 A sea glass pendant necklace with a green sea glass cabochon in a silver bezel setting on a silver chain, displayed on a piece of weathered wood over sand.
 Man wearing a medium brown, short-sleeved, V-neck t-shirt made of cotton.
------------------------------------------------------------
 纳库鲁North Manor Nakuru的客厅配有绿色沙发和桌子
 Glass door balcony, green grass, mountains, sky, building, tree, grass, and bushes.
------------------------------------------------------------
Take the records above and return, word for word, only the lines that fall from the line with "纳库鲁North Manor Nakuru的客厅配有绿色沙发和桌子" to the line with "Glass door balcony, green", both of them included.

 纳库鲁North Manor Nakuru的客厅配有绿色沙发和桌子
 Glass door balcony, green grass, mountains, sky, building, tree, grass, and bushes.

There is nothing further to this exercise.